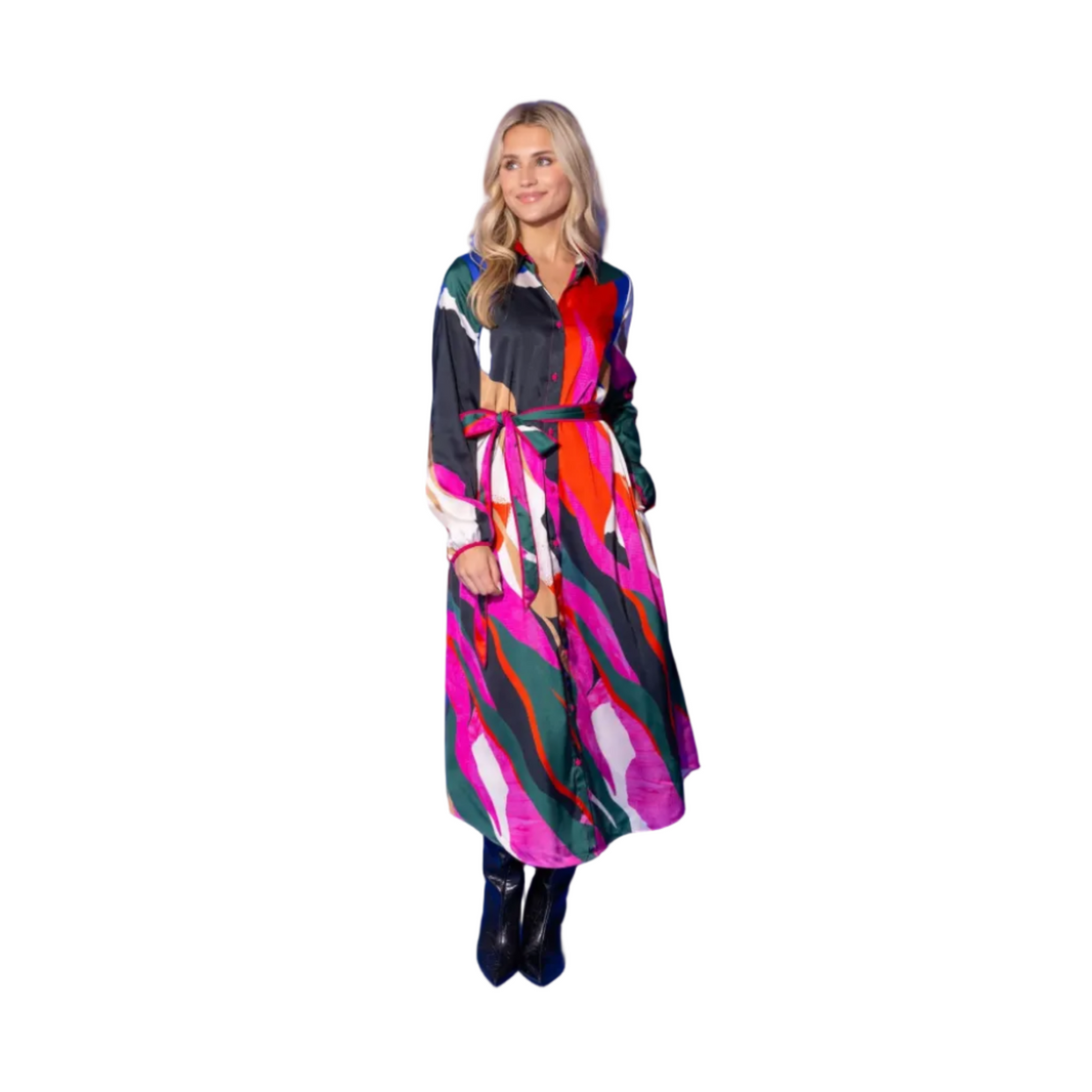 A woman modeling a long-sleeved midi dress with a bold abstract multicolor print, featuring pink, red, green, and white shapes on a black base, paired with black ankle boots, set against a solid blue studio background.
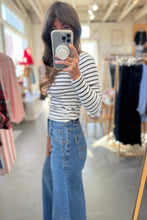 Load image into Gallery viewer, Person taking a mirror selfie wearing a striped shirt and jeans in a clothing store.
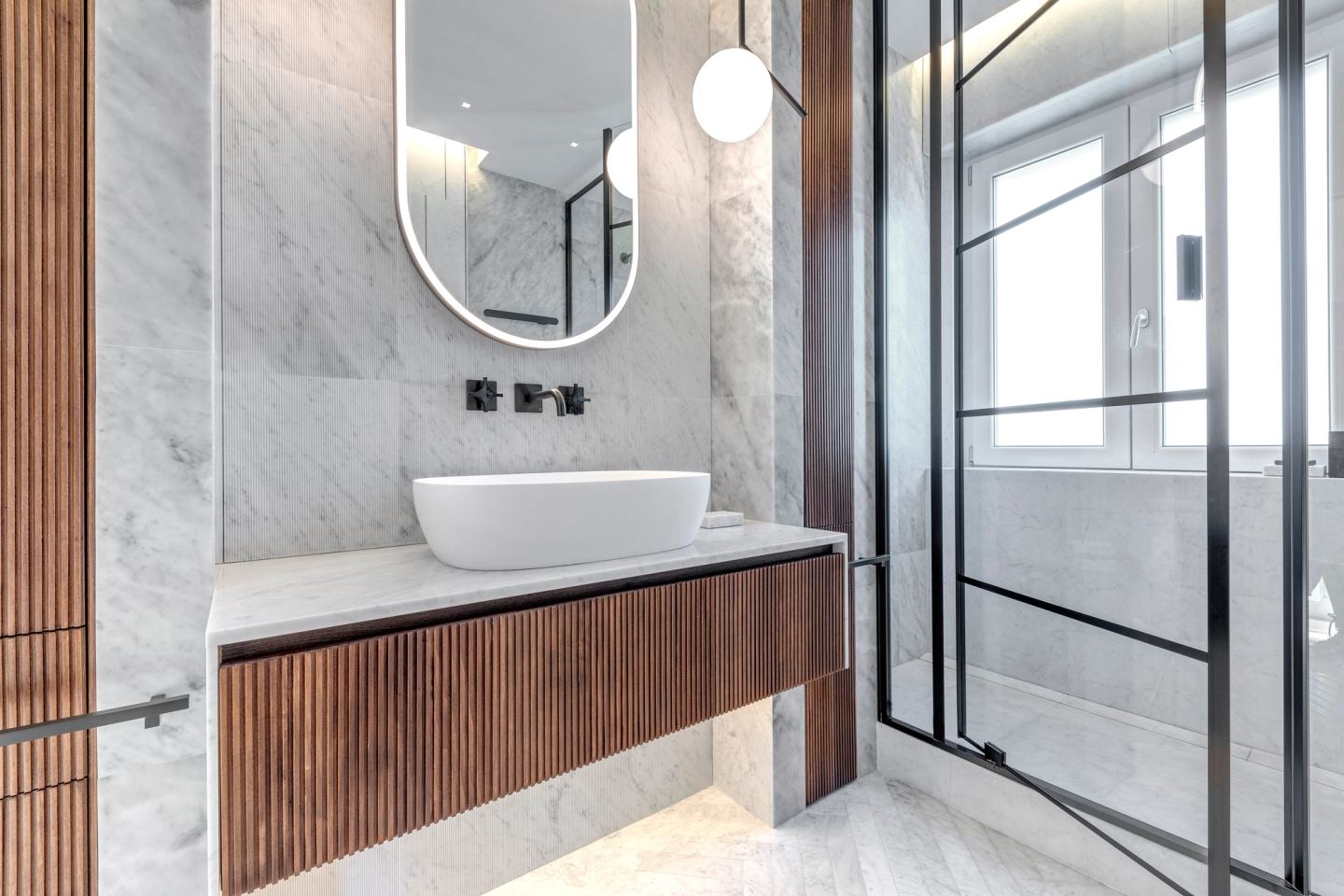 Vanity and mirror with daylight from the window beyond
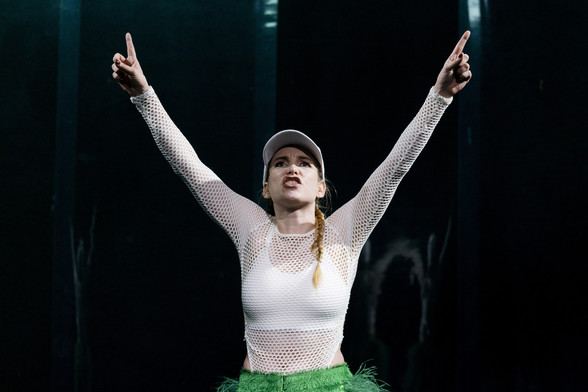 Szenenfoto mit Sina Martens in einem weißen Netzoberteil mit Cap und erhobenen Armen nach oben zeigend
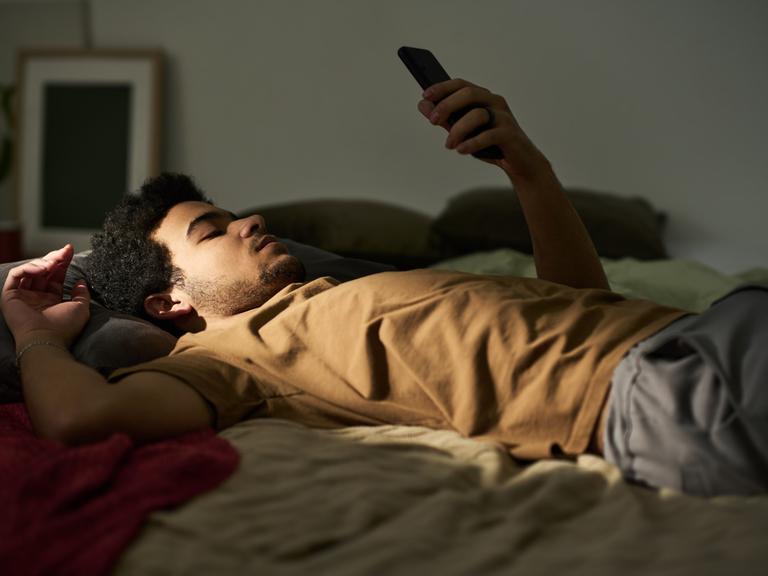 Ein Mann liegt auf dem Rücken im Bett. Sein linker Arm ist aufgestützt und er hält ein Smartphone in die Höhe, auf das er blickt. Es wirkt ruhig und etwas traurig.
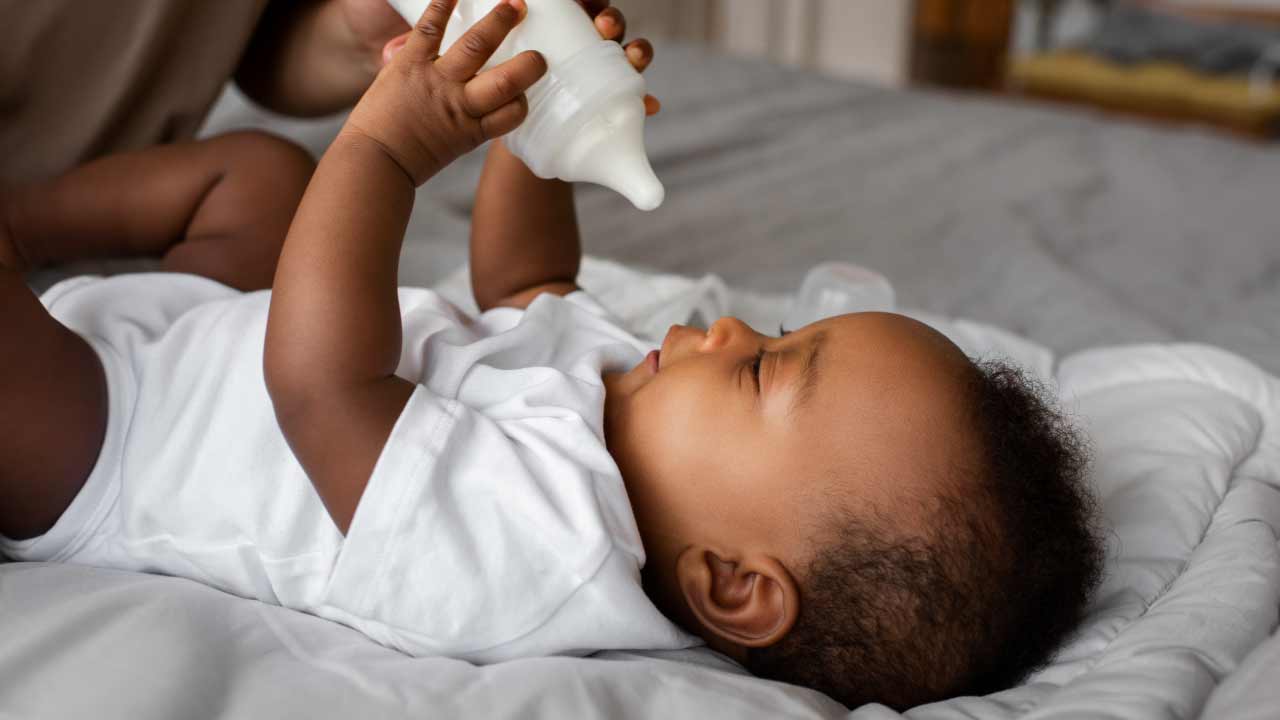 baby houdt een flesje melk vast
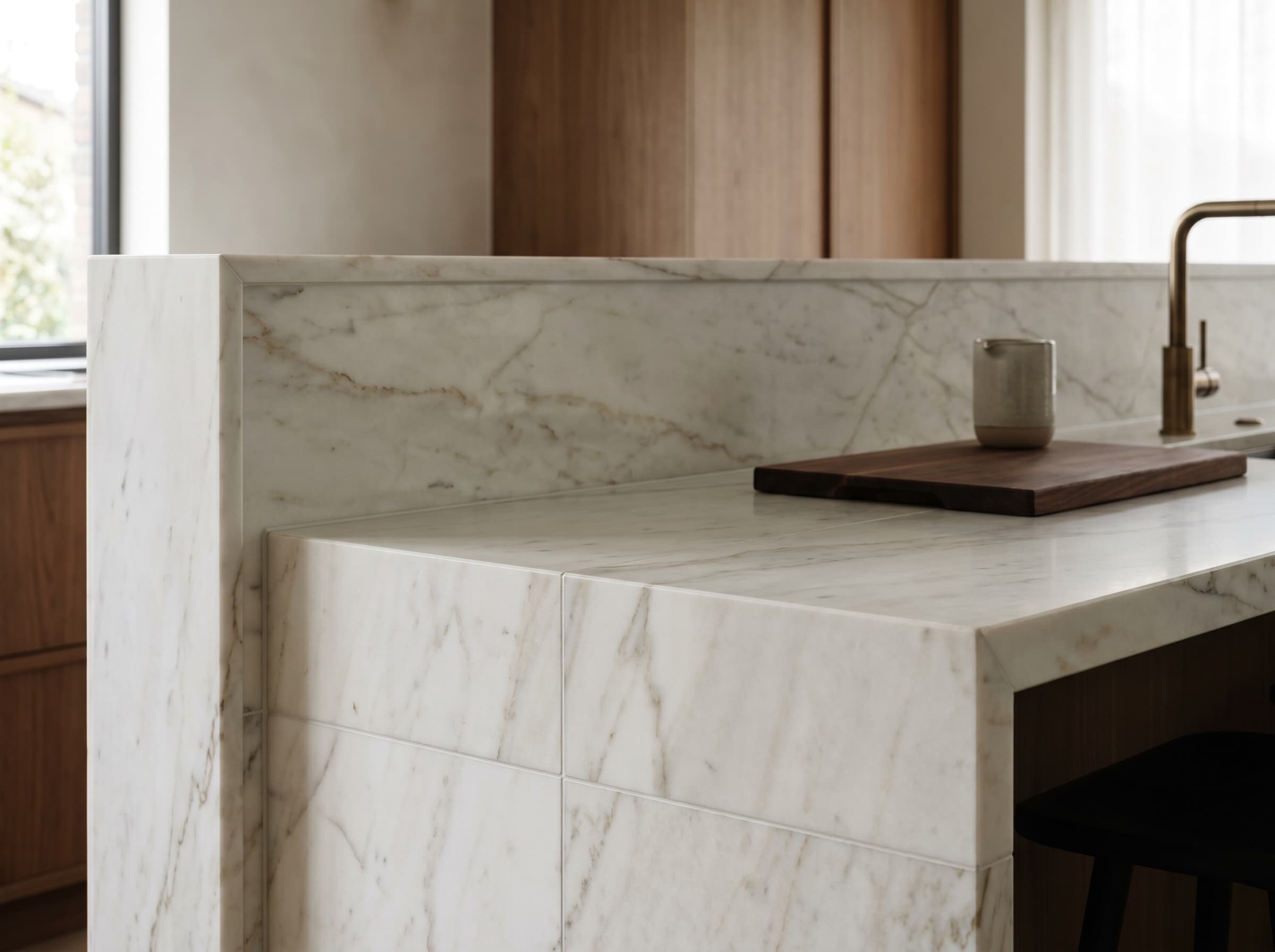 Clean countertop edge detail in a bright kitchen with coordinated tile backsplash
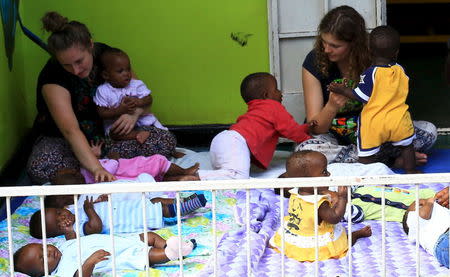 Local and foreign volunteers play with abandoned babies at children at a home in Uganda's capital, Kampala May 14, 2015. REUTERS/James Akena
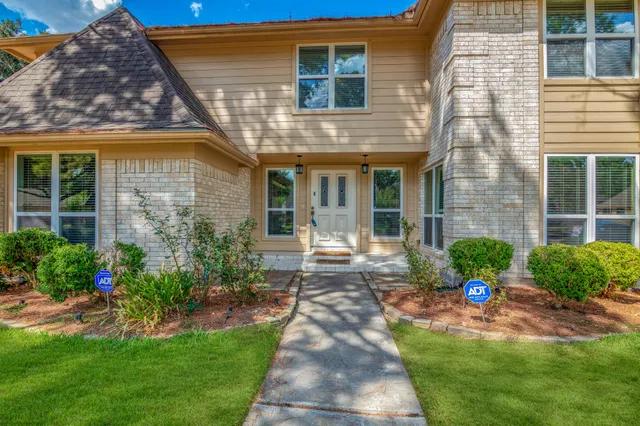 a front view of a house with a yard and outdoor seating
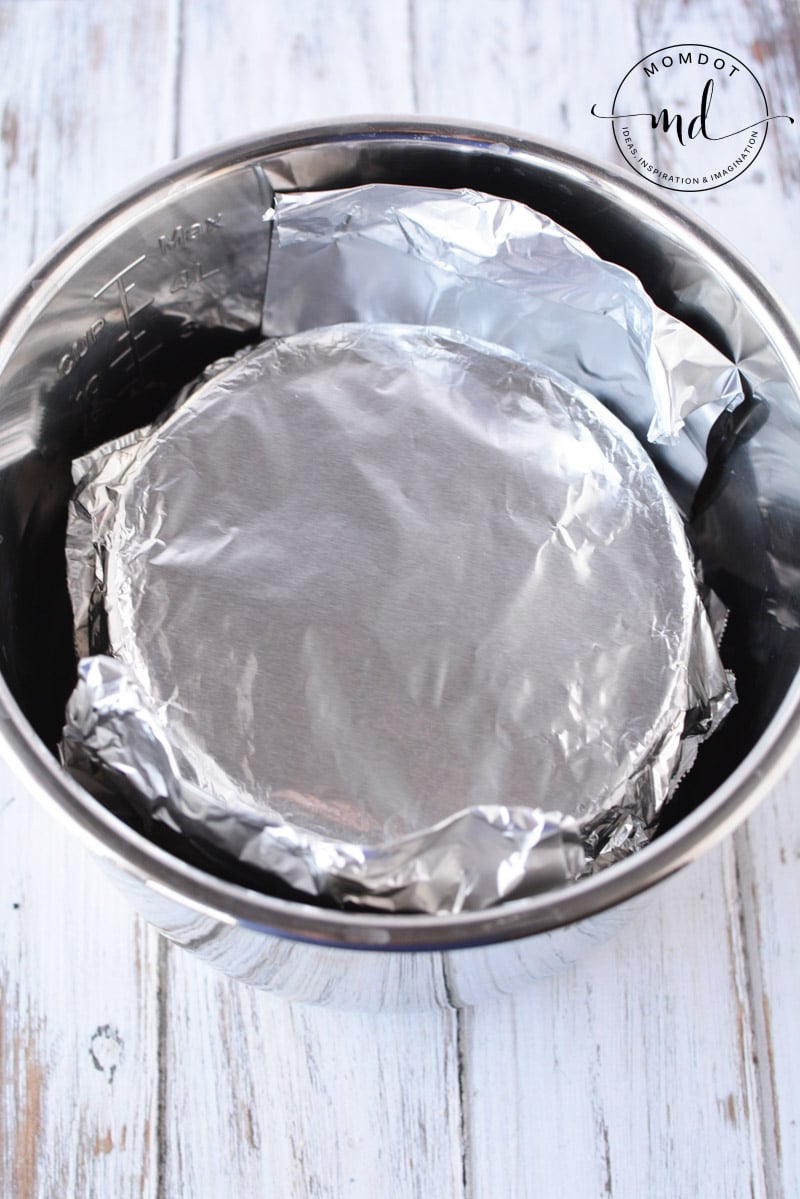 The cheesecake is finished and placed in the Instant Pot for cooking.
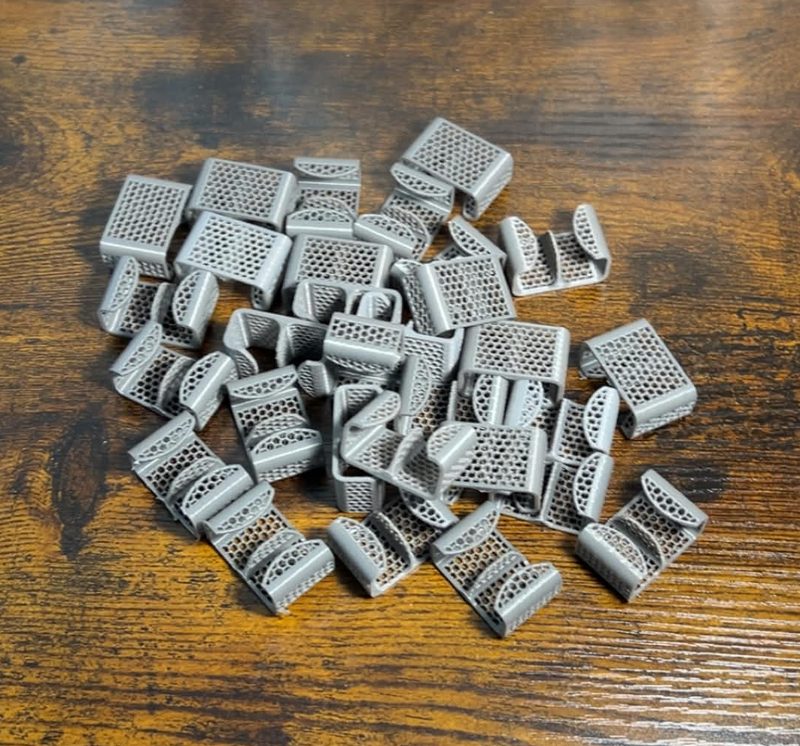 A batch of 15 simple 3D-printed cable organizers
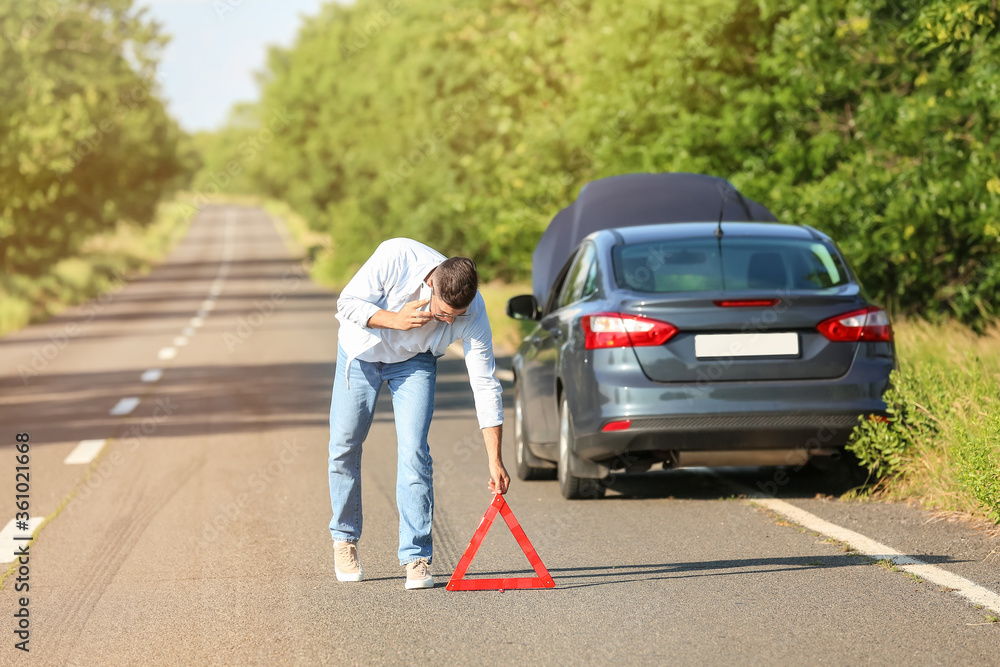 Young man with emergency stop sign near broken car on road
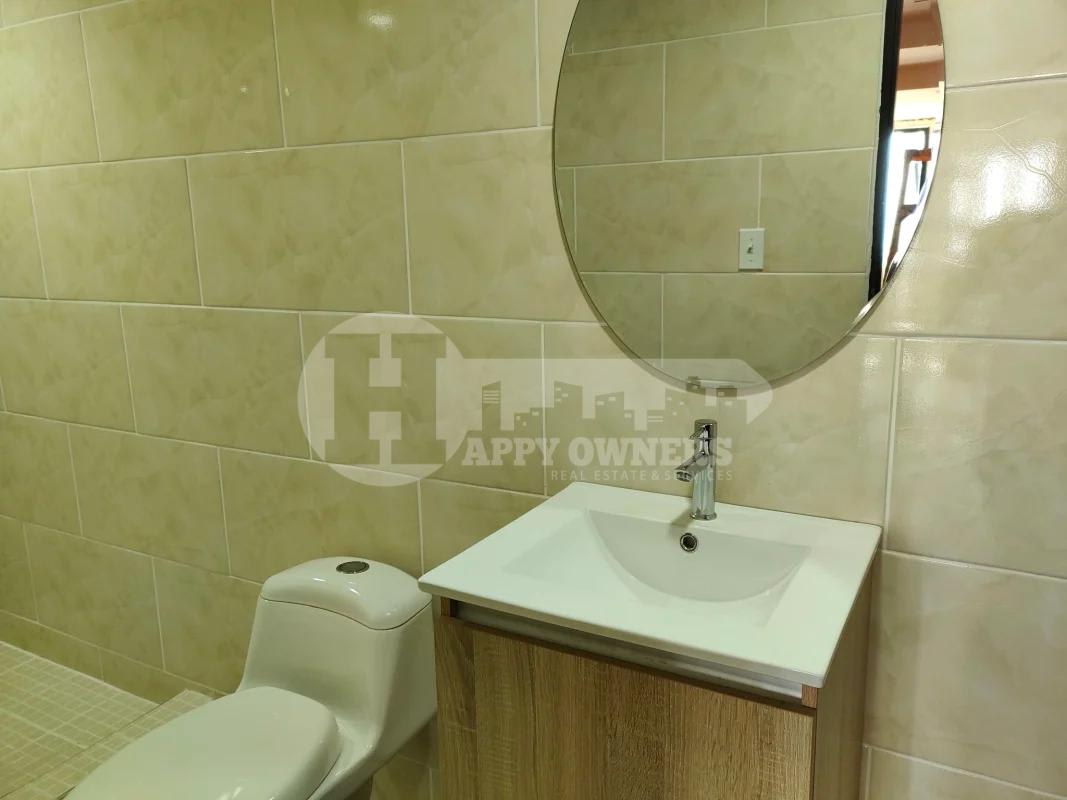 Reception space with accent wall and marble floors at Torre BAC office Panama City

Exercise prompt> Would you print exactly the lines in the listing above, from the line bearing "Load image into" through the line bearing "A batch of 15", leaving out all pictures?

Exercise answer>
 Load image into Gallery viewer, Person taking a mirror selfie wearing a striped shirt and jeans in a clothing store.
 Vanity and mirror with daylight from the window beyond
 Szenenfoto mit Sina Martens in einem weißen Netzoberteil mit Cap und erhobenen Armen nach oben zeigend
 Ein Mann liegt auf dem Rücken im Bett. Sein linker Arm ist aufgestützt und er hält ein Smartphone in die Höhe, auf das er blickt. Es wirkt ruhig und etwas traurig.
 baby houdt een flesje melk vast
 Clean countertop edge detail in a bright kitchen with coordinated tile backsplash
 Local and foreign volunteers play with abandoned babies at children at a home in Uganda's capital, Kampala May 14, 2015. REUTERS/James Akena
 a front view of a house with a yard and outdoor seating
 The cheesecake is finished and placed in the Instant Pot for cooking.
 A batch of 15 simple 3D-printed cable organizers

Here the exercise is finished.